[[ GIVEN DATA open ]]

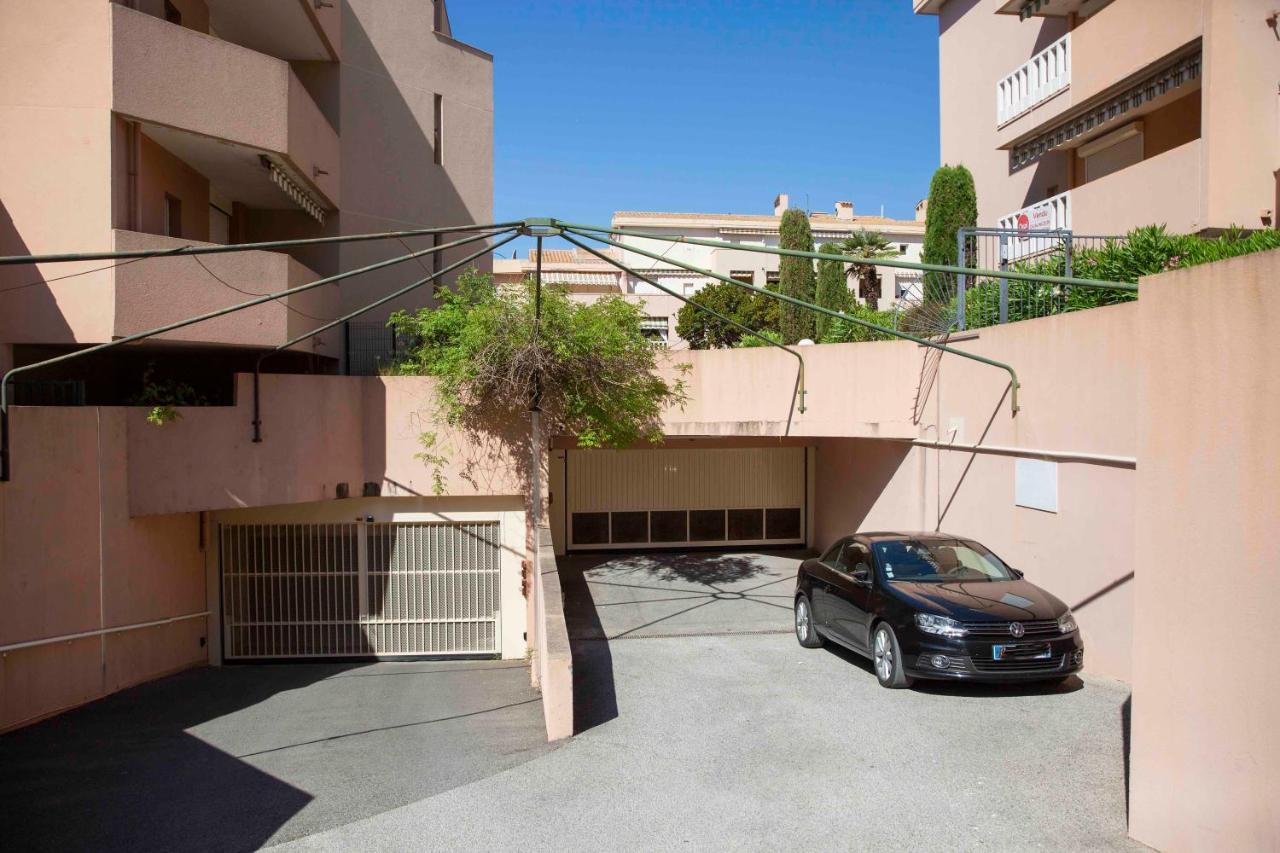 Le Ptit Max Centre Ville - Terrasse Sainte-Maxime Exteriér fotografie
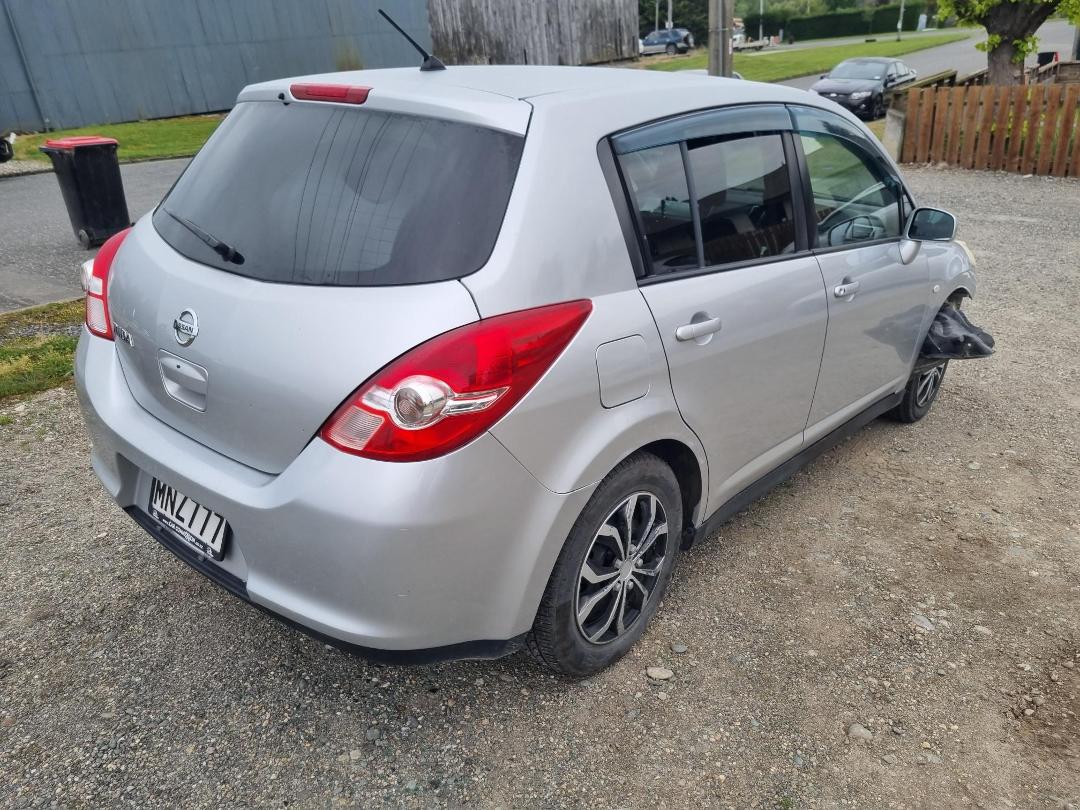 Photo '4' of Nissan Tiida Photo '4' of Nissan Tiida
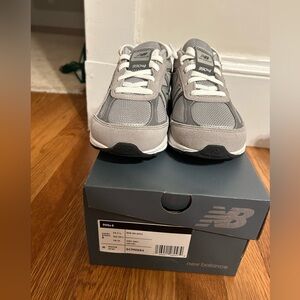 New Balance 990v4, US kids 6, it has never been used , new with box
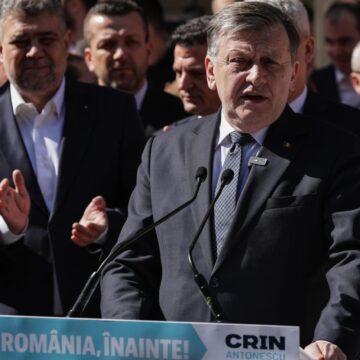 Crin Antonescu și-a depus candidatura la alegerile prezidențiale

[[ GIVEN DATA closed ]]

WHAT IS BEING ASKED: Quote exactly the lines from the one that contains "New Balance 990v4, US" through the end of the listing above, both ends included, leaving out the pictures.

ANSWER BOX:
 New Balance 990v4, US kids 6, it has never been used , new with box
 Crin Antonescu și-a depus candidatura la alegerile prezidențiale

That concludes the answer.